Politicians just can’t break their addiction to debt

It took the current administration less than a year to reduce the United States from the country with a currency that is considered a safe haven during international storms, to one that is warned by a rating agency that unless it mends its profligate ways it will lose the triple-A credit rating it has had since US government debt was first assessed in 1917. Who would have thought when Barack Obama took the oath of office some 11 months ago that Greece, Britain and America would attract the attention of the rating agencies in the same week.

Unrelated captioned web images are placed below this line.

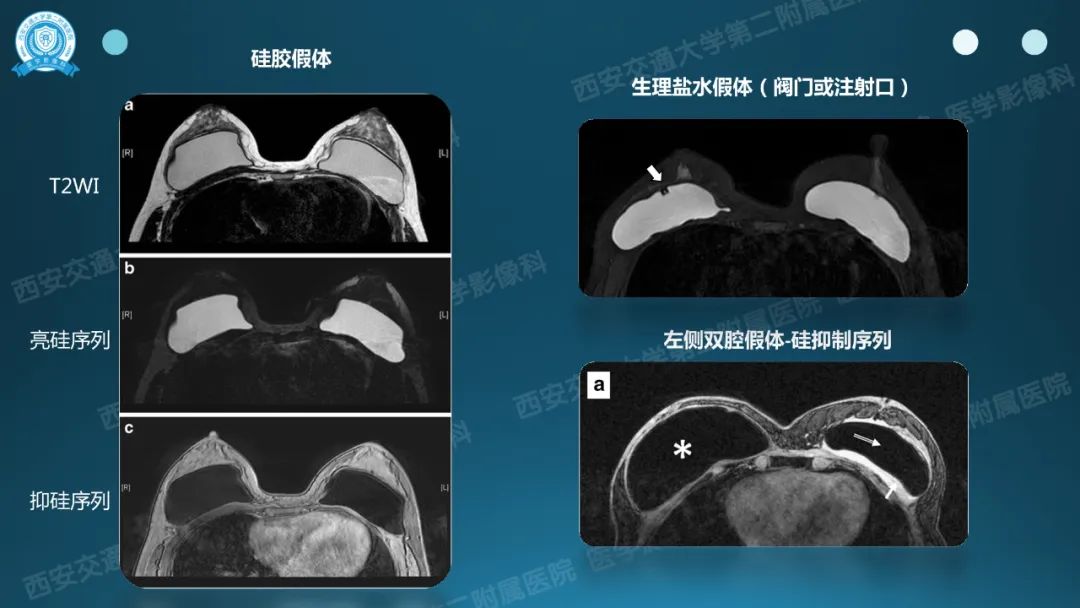 影像PPT - 【PPT】乳腺假体植入的MRI评估-12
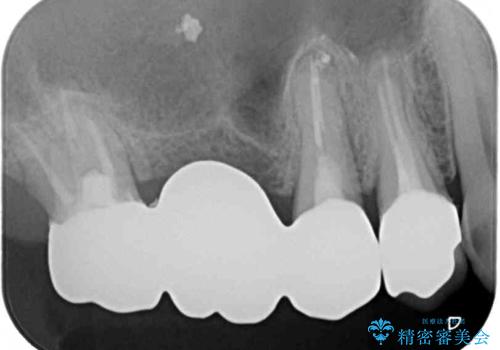 抜歯が必要な左右の奥歯 ブリッジとインプラントによる奥歯の補綴治療の治療後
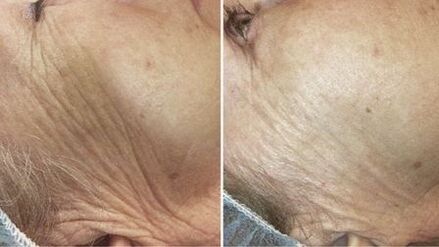 before and after laser skin rejuvenation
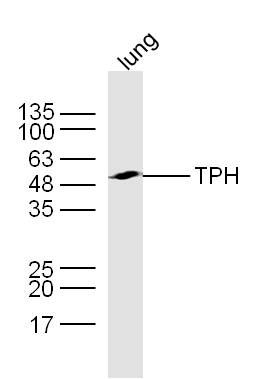 色氨酸羟化酶抗体TPH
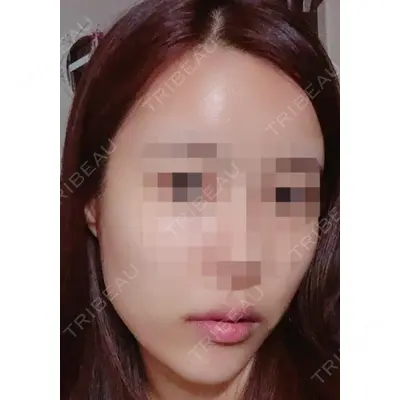TL美容整形外科 顔面輪郭・目・鼻センター チェ・セウン医師の症例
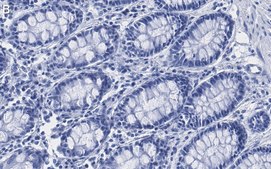 Anti-Mn-SOD Antibody, clone 1C14 ZooMAb&#174; Rabbit Monoclonal recombinant, expressed in HEK 293 cells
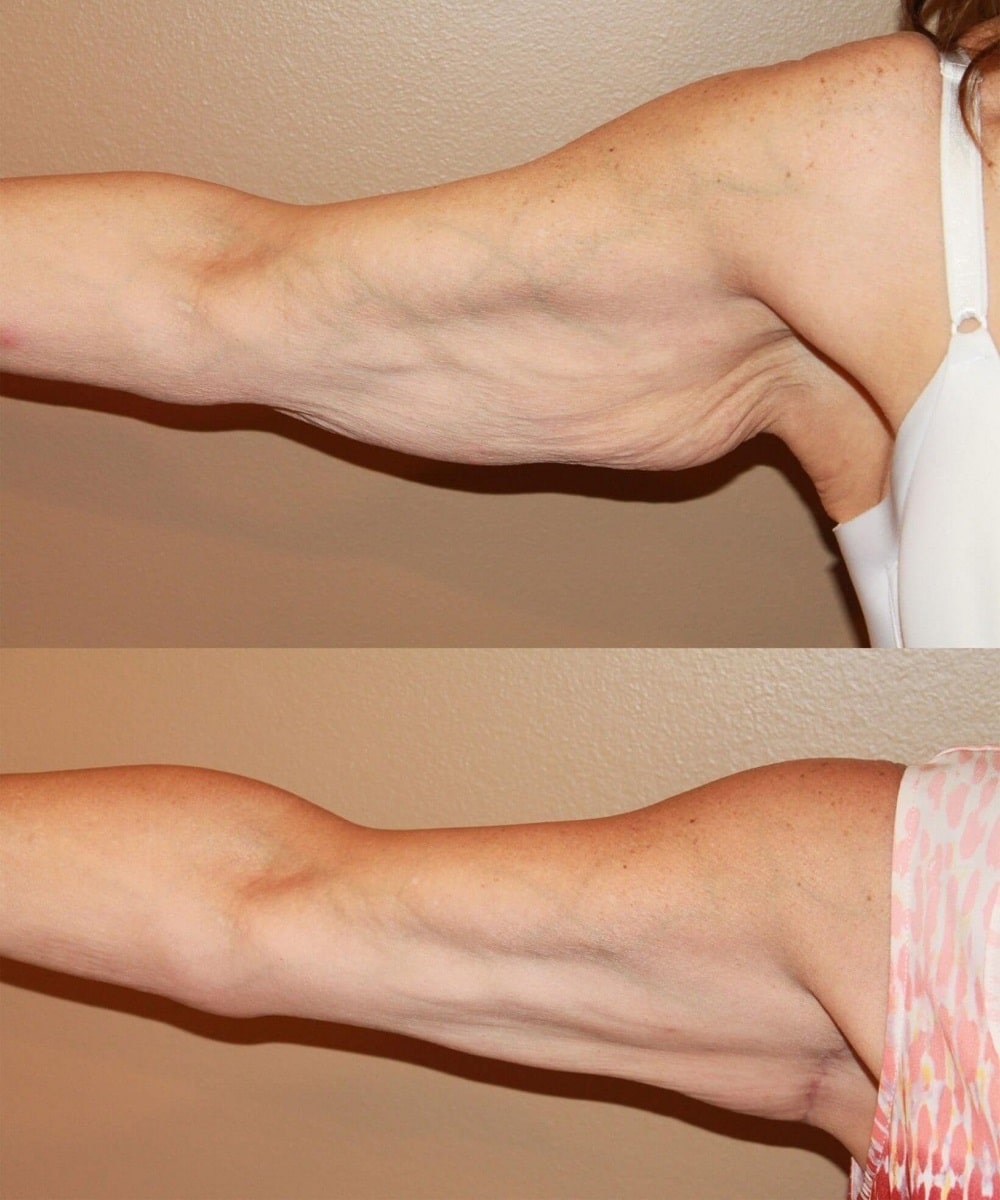 Arm Lift before and after - before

But here we are, caught in what consultants at the Lindsey Group call an “attack on the sovereigns”. Greece was downrated because its fiscal deficit is 12% of GDP, and the European Central Bank is tired of buying its banks’ paper. Ireland and Spain, which also have deficits equal to 12% of their GDP, were put on credit watch. America is in the 12% club, but being America, with a currency that central banks and others still hold and want to hold in huge amounts, was granted a reprieve.

Our “public finances are deteriorating considerably ... [and] the question of a potential downgrade of the US is not inconceivable”, says Pierre Cailleteau, managing director of the sovereign risk group at the Moody’s rating agency, but such a move is not imminent.

Steven Hess, US analyst at Moody’s, says: “If no policy changes are made, in 10 years from now we would have to look very seriously at whether the US is still a triple-A credit.”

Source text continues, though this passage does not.